▶ _Work to be completed_: Exclude the pictures, then repeat exactly each line from the one containing "Paranoid Mage ตอนที่ 79 4" to the final line of the records that follow.

▶ _Information provided_:
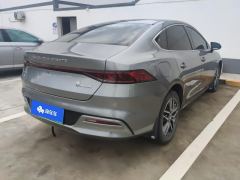 BYD Qin PLUS DM-i 120km Flagship - ფოტო 2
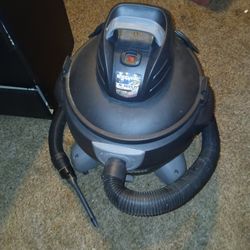 Shop Vac 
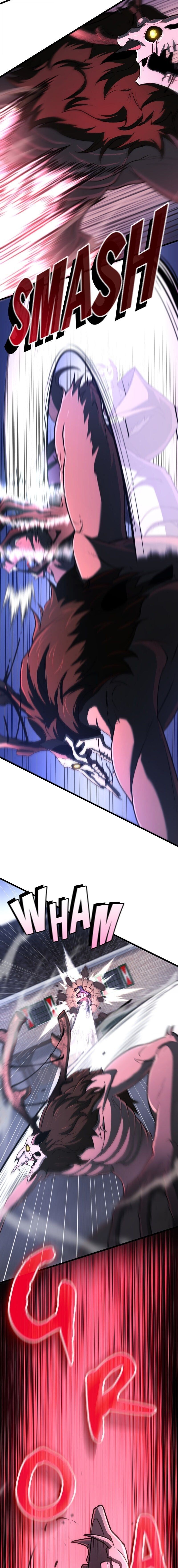 Paranoid Mage ตอนที่ 79 4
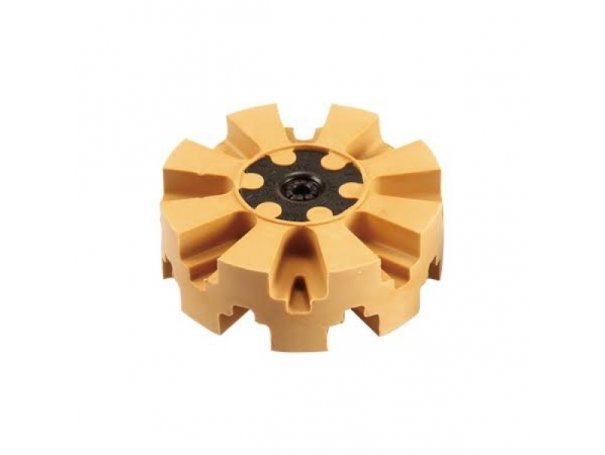 Ластик резиновый для QB-802T MIGHTY SEVEN QB-801 Ластик резиновый для QB-802T MIGHTY SEVEN QB-801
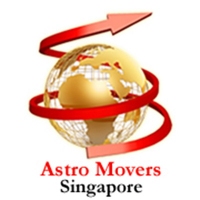 Astro Worldwide Movers Pte Ltd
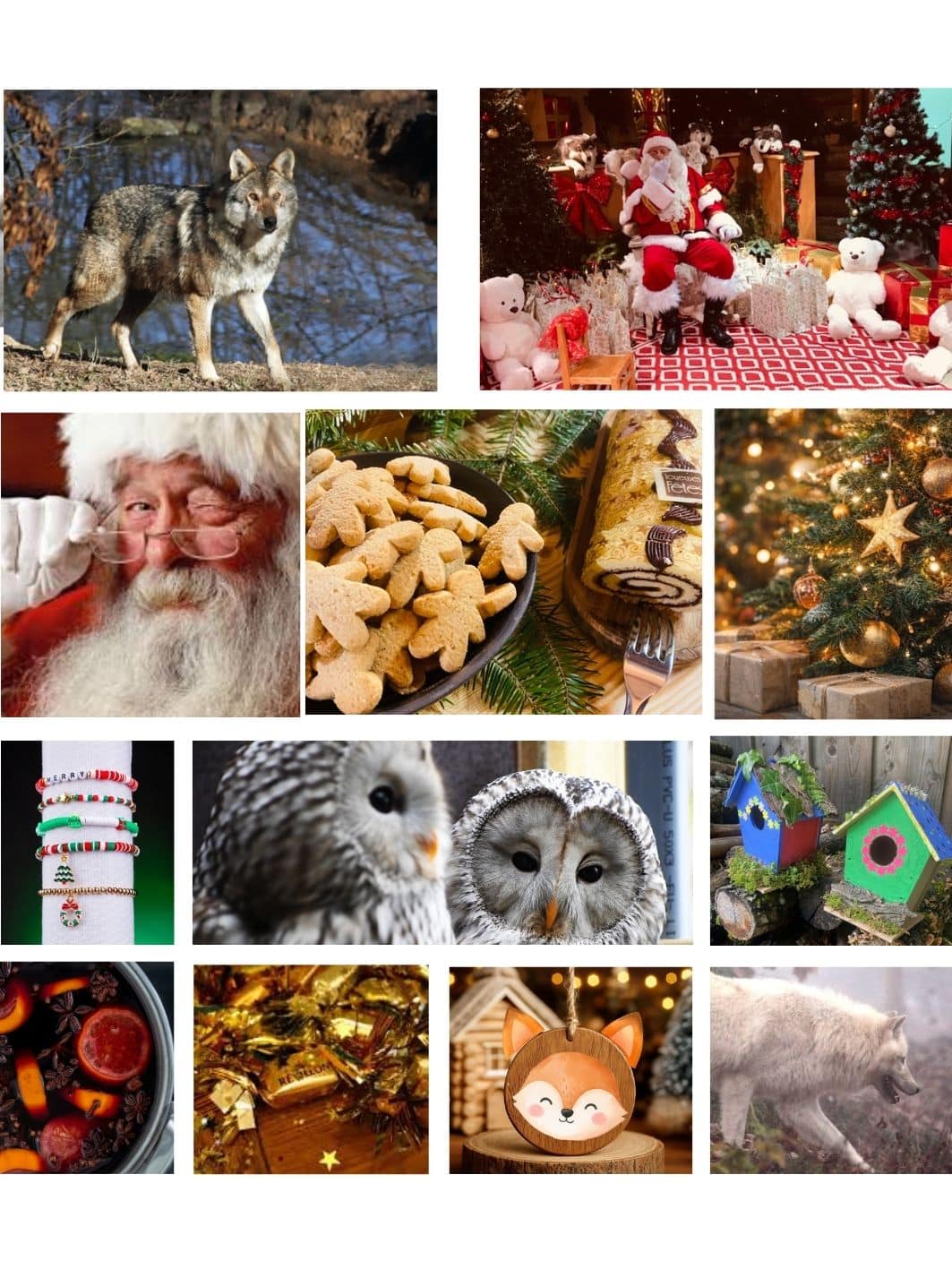 arbre de noel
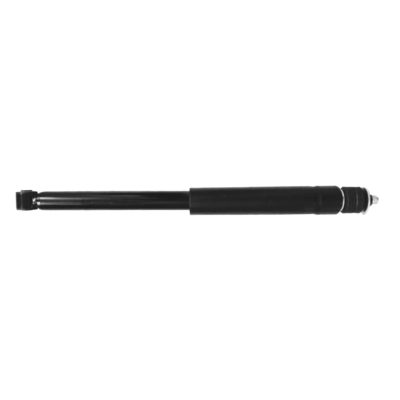 Rear gas shock absorber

▶ _Written answer_:
 Paranoid Mage ตอนที่ 79 4
 Ластик резиновый для QB-802T MIGHTY SEVEN QB-801 Ластик резиновый для QB-802T MIGHTY SEVEN QB-801
 Astro Worldwide Movers Pte Ltd
 arbre de noel
 Rear gas shock absorber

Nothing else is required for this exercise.